Make sure the first leg is impulsive, and there is price acceptance after breaking the swing high for uptrend or swing low for downtrend.

2. Wait for a signal candle against the trade in TTF.

You don’t have any business with the charts until you see a signal candle against the trend as we don’t enter in the middle of an impulsive swing. In an uptrend, a red candle is a signal candle against the trend. In a downtrend, a green candle is a signal candle. Don’t break your head questioning whether this is a signal candle or not. Just consider the one that has the opposite color of the trend.

3. Wait for the trigger candle and see how it closes in TTF.

Once you have a signal candle, you can determine the LWP. A trigger candle is the one that breaks the LWP. If the trigger candle fails to close beyond LWP, that’s a good sign as we want weakness against the trend to look for a with trend trade.

4. Confirm that the swing started against the trend is corrective.

So many characteristics for corrective swings. So let me give two things that I look for,
a) If a candle closes within LWP and the other extreme of the signal candle after breaking LWP of the swing (any candle in the swing), it’s a corrective swing.
or
b) Wait for two attempt failures.. Let us say that the trend is down and you are looking at a rally, and there is no candle closed below the LWP of the swing, then I wait for two candles that breaks the high of the previous candle(s) but closes below that high to call it a corrective move, of course with a decelerating momentum.

5. Mark the supply/demand level using LTF and wait for the market to reach there to time the entry.

Note:-

If the entry is with a limit order, the candle that you have entered must turn into a signal candle or a trigger candle. If the candle closes against the trade after the entry instead of turning into a signal candle, better to scratch and reenter rather than hoping for something to happen.

Repeat the above over and over again until one of the following things happen,

1. Trend change.

Breaking trend violation pivot and price acceptance beyond TVP, Range confirmation.

2. Breakout of HTF S/R level.

Once price breaks a HTF S/R level, we need to see price acceptance beyond that level to take a with trend trade.
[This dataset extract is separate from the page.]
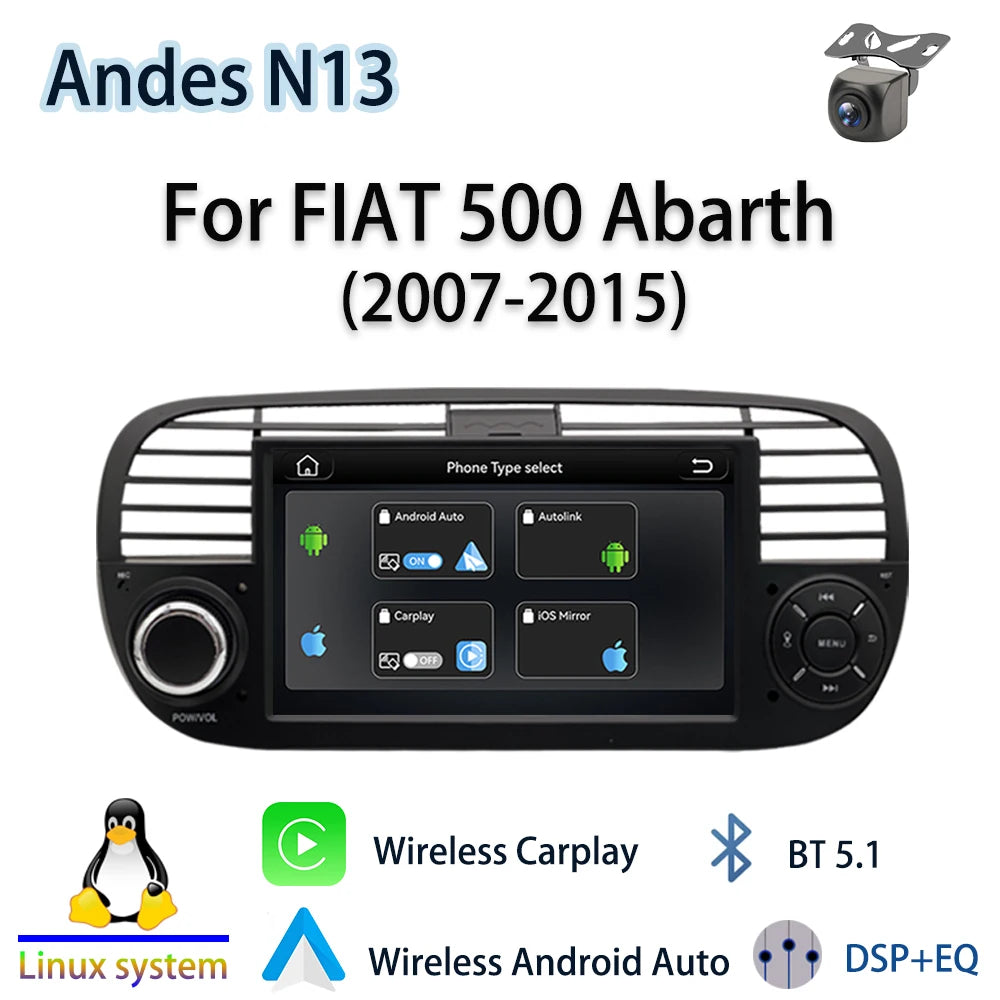 For FIAT 500 Abarth(2007-2015)2026 New Linux System Wireless CarPlay Auto  Bluetooth Musci Video Multimedia Players Cameras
More about it in the coming articles.

3. Rejections from new highs and new lows.

For example, the uptrend is healthy as far as there is price acceptance after breaking the swing highs. The downtrend is healthy as far as there is price acceptance after breaking the swing lows. If price is not accepted, that is a sign of weak trend and that makes sense to wait for a CPB or a trap type entry, rather than a single leg pullback. (Courtesy - JK (Jagadeesh Kolli)


Acceptance, Non- Acceptance and Rejection

Acceptance, non-acceptance and rejection.. These are the three words which almost all the discretionary price action traders (successful traders to be precise) use a lot while explaining the trades they have taken.Everything appears clear in hindsight, but can we sense those acceptance and rejections during live when candles are printing on the hard right edge after breaking a level? Good news.. Yes we can..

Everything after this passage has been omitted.